Re: Compression and on-disk sorting - Mailing list pgsql-hackers

From Jim C. Nasby
Subject Re: Compression and on-disk sorting
Date
Msg-id 20060526163107.GD59464@pervasive.com
Whole thread Raw
In response to Re: Compression and on-disk sorting  ("Jim C. Nasby" <jnasby@pervasive.com>)
Responses Re: Compression and on-disk sorting
List pgsql-hackers
I've done some more testing with Tom's recently committed changes to
tuplesort.c, which remove the tupleheaders from the sort data. It does
about 10% better than compression alone does.
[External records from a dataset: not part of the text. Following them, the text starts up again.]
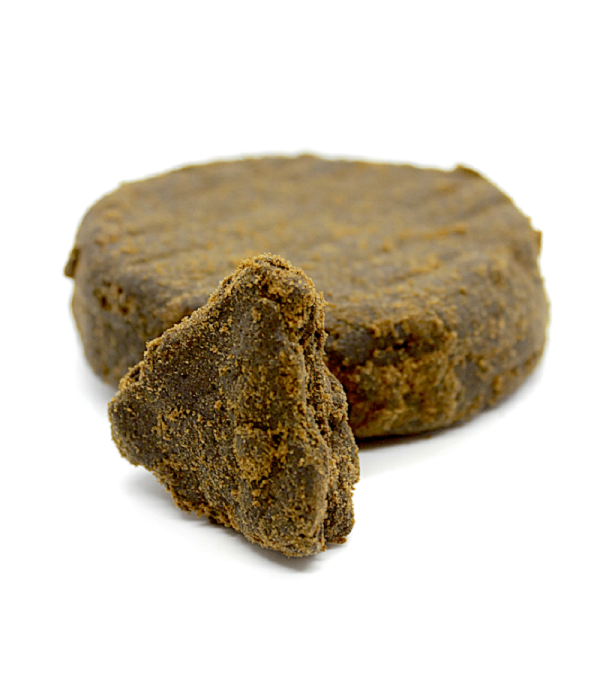 Hashish - Image 2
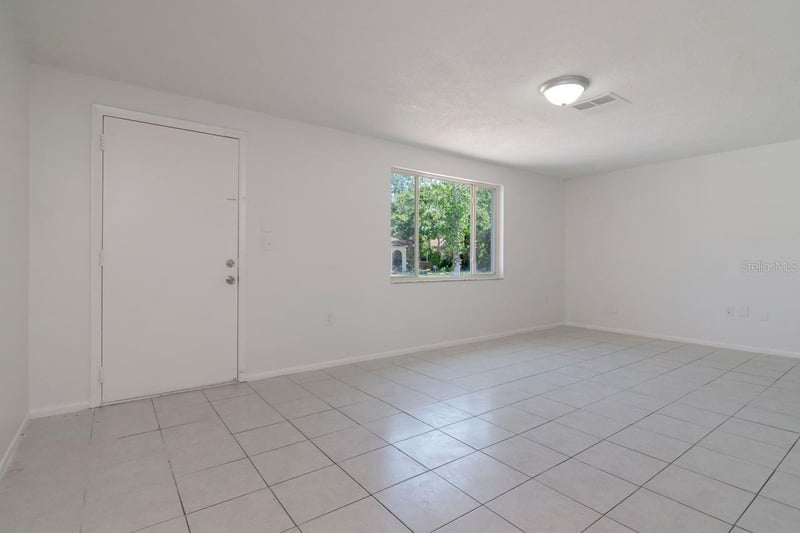 7908 Rusty Oak Dr, New Port Richey, FL 34653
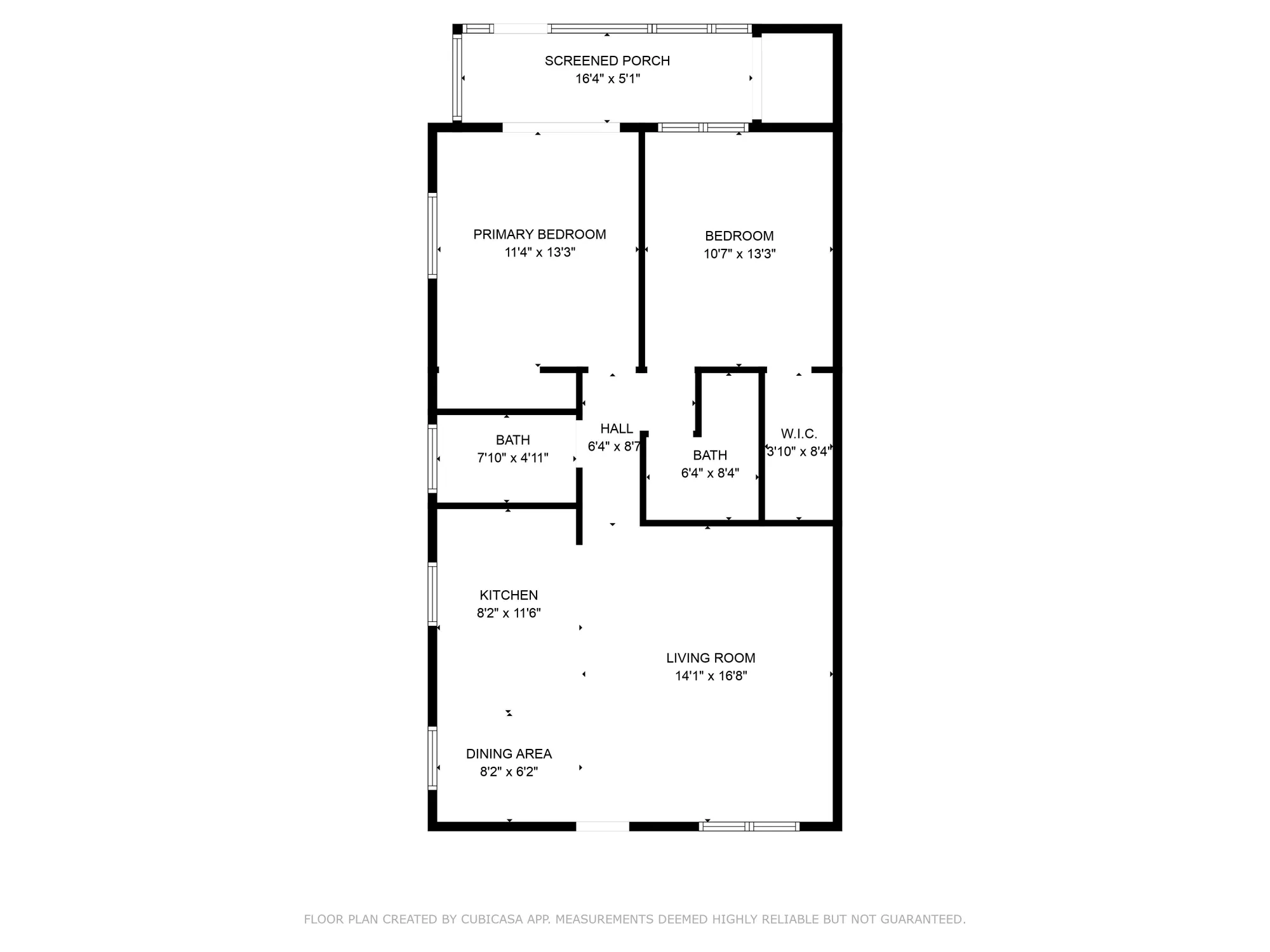 Property Slideshow image 31 of 31 | 200 saxony e unit e, Delray Beach, FL, 33446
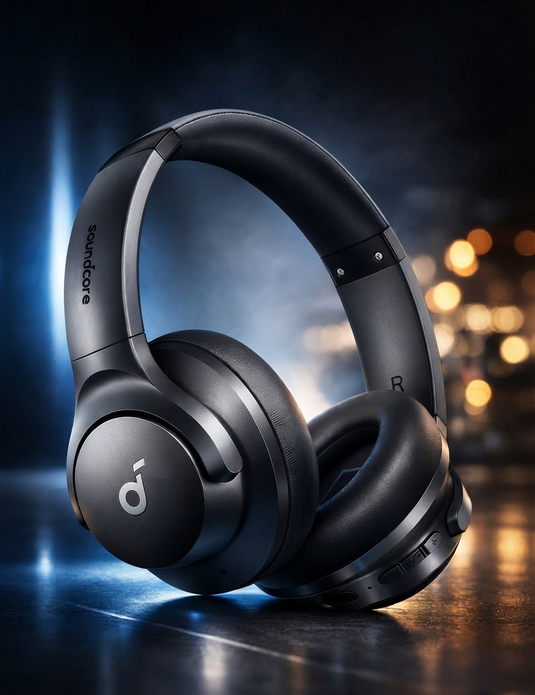 Headphone-6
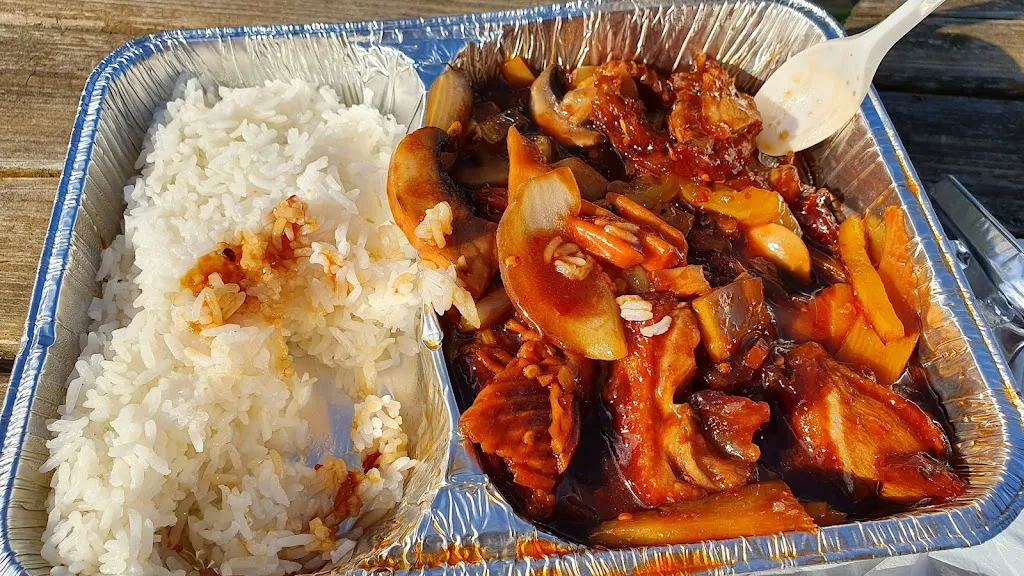 Menu_Asia Imbiss_Lamspringe_image_4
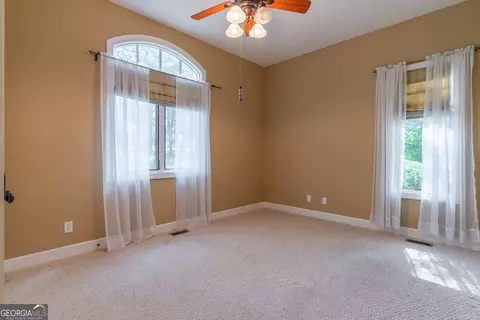Bedroom - 1631 Red Cedar Rd, Commerce, GA 30530 photo 4 of 7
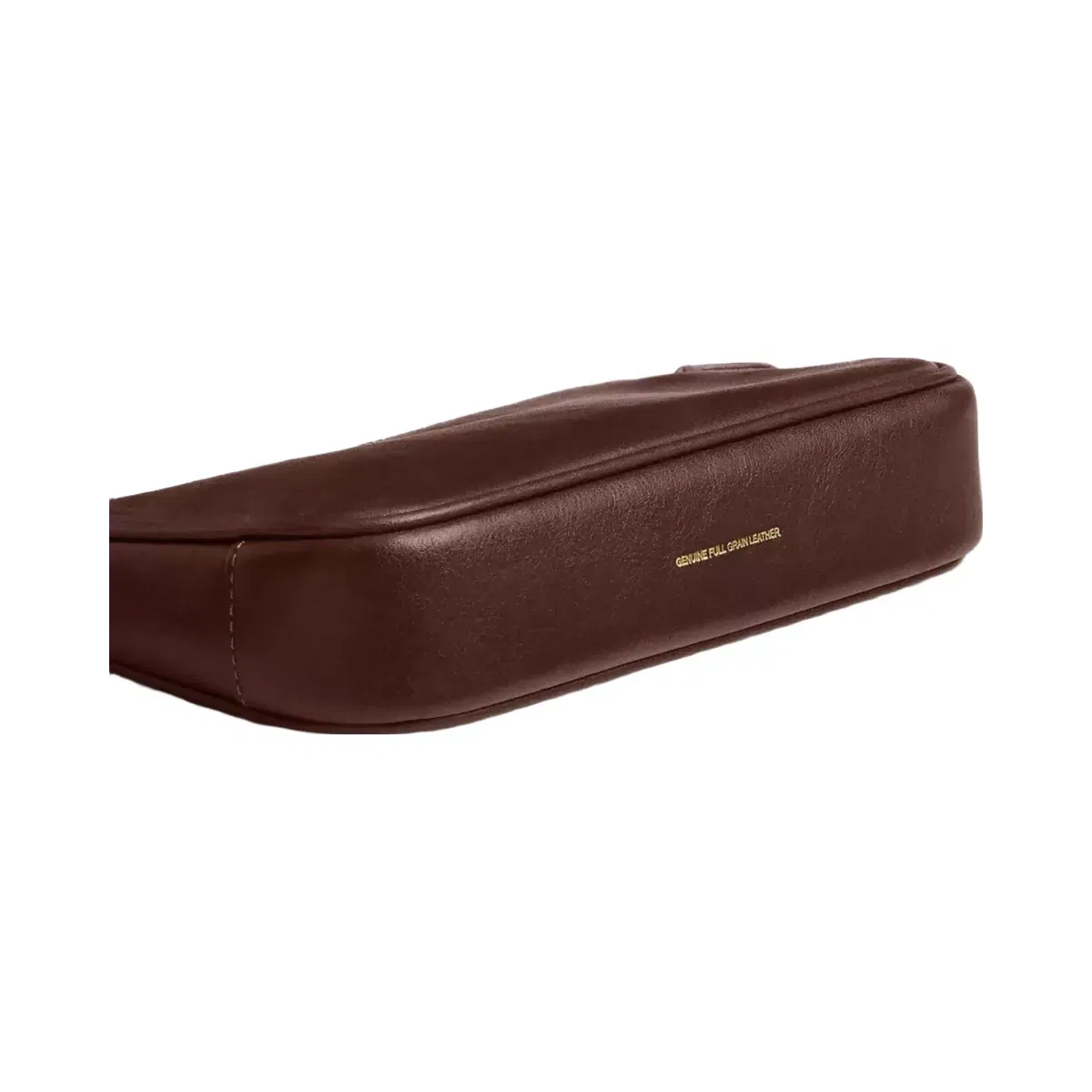 Coach Plaza Bag 18 Brass Maple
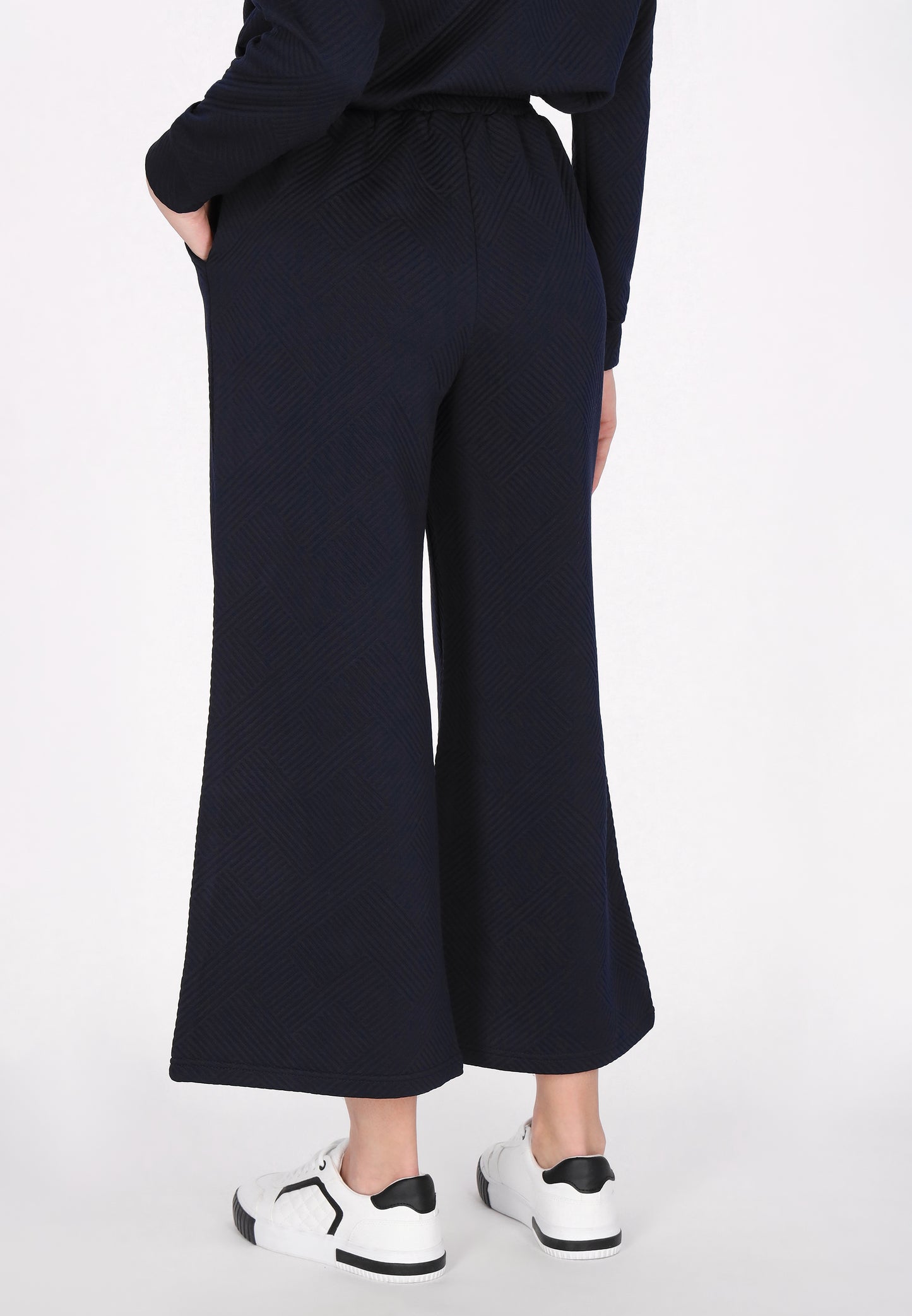 faina ATHLSR Kobiety Spodnie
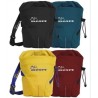 DMM Trad chalk bag | OXYGENE Montagne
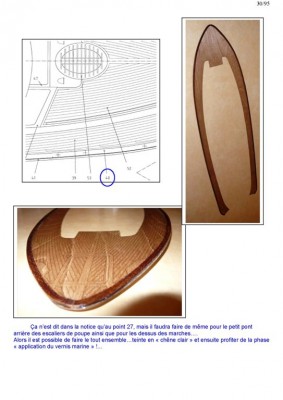 Complément illustré jules verne_Page_30.jpg
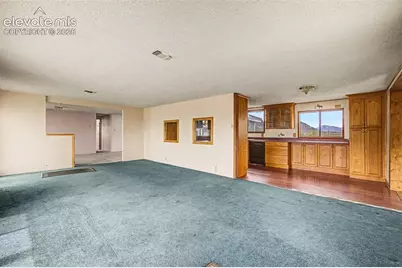 357 County Road 46, Florissant, CO 80816 - Photo 11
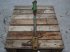 Frontlader of the type John Deere 3030, Gebrauchtmaschine in Hemmet (Picture 7)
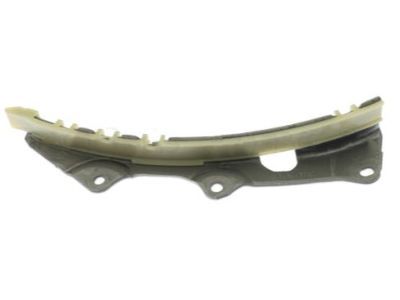 Jeep 5047791AA GUIDE Timing Chain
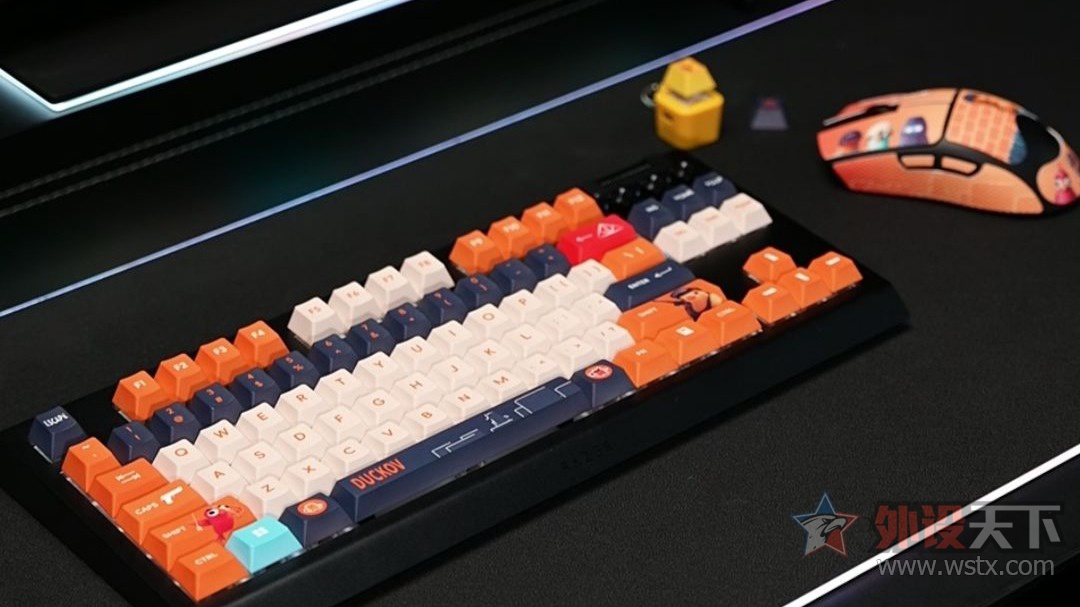 �����Ƴ�������Ѽ�Ʒ������޶������      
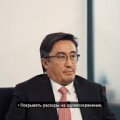 Азербайджан и Узбекистан углубляют сотрудничество в сфере страхования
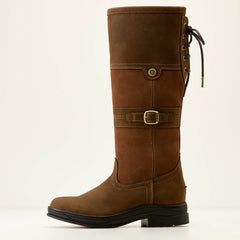 Ariat Langdale Waterproof Boot Women|Trends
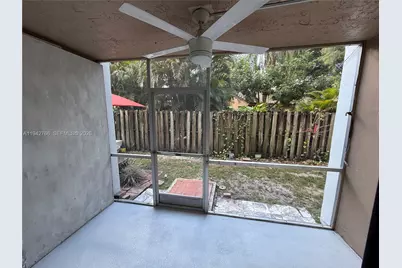 9470 Live Oak Pl #104, Davie, FL 33324 - Photo 19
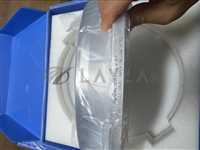 FACEPLATE TEOS HIGH DEP RATE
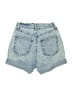Highway Jeans Blue Denim Shorts Size 3 - photo 2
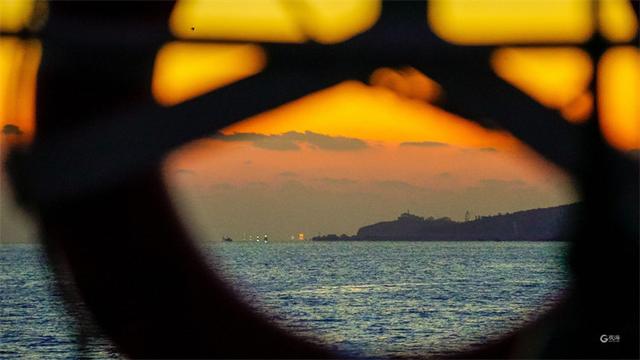 “梅”好上线，解锁“冬游青岛”新地标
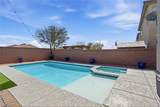 8138 Shale Canyon Street - Photo 57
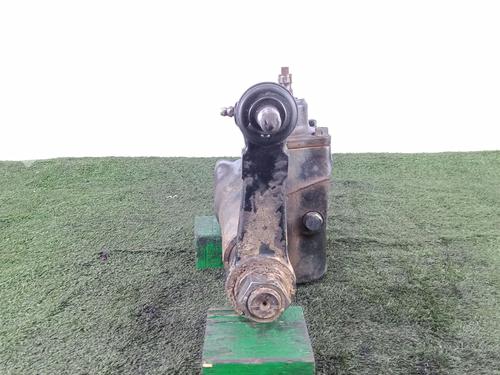 Steering rack MITSUBISHI PAJERO II (V3_W, V2_W, V4_W, V5_W) 2.5 TD 4WD (V24W) | BP30060024M22 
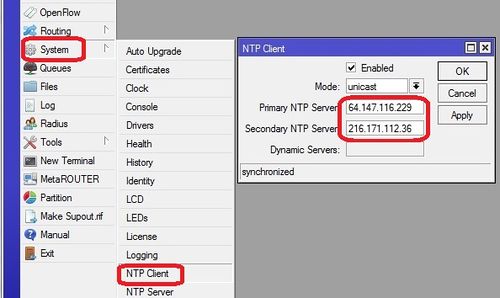 Rb751 ntp settings.jpg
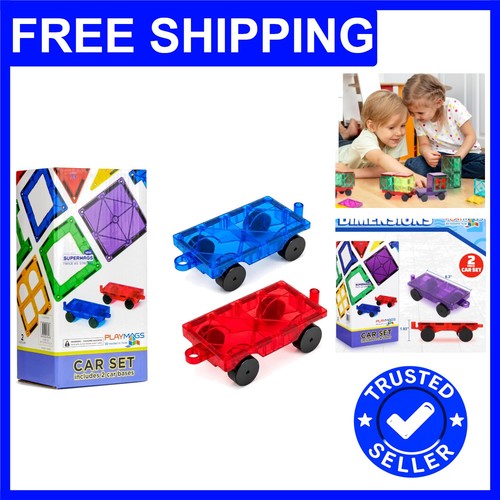 Durable piece magnetic - magnetic, car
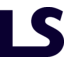 Lang & Schwarz logo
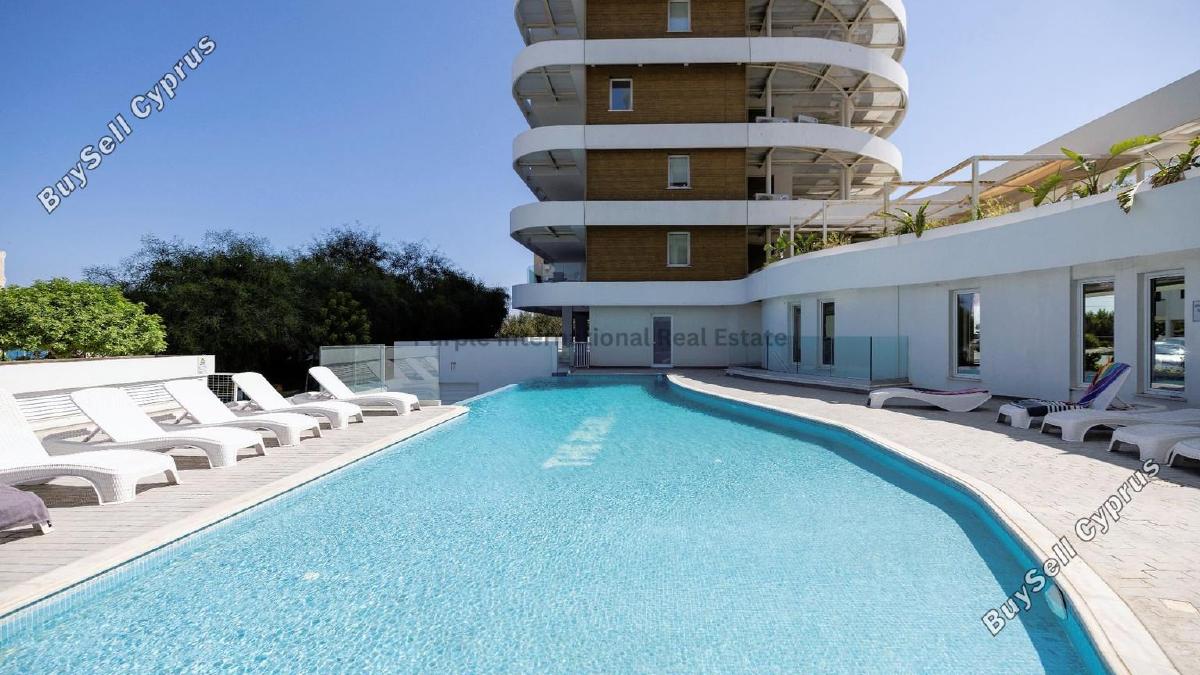 4 bedroom apartment for sale mackenzie larnaca 7545052 image 14187245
What's interesting is that
the gains are about 10% regardless of compression, which means
compression isn't helping very much on all the redundant header data,
which I find very odd. And the header data is very redundant:

bench=# select xmin,xmax,cmin,cmax,aid from accounts order by aid limit 1; xmin  | xmax | cmin | cmax | aid
--------+------+------+------+-----280779 |    0 |    0 |    0 |   1
(1 row)

bench=# select xmin,xmax,cmin,cmax,aid from accounts order by aid desc limit 1; xmin  | xmax | cmin | cmax |    aid
--------+------+------+------+-----------310778 |    0 |    0 |    0 | 300000000
(1 row)

Makes sense, since pgbench loads the database via a string of COPY commands,
each of which loads 10000 rows.

Something else worth mentioning is that sort performance is worse with
larger work_mem for all cases except the old HEAD, prior to the
tuplesort.c changes. It looks like whatever was done to fix that will
need to be adjusted/rethought pending the outcome of using compression.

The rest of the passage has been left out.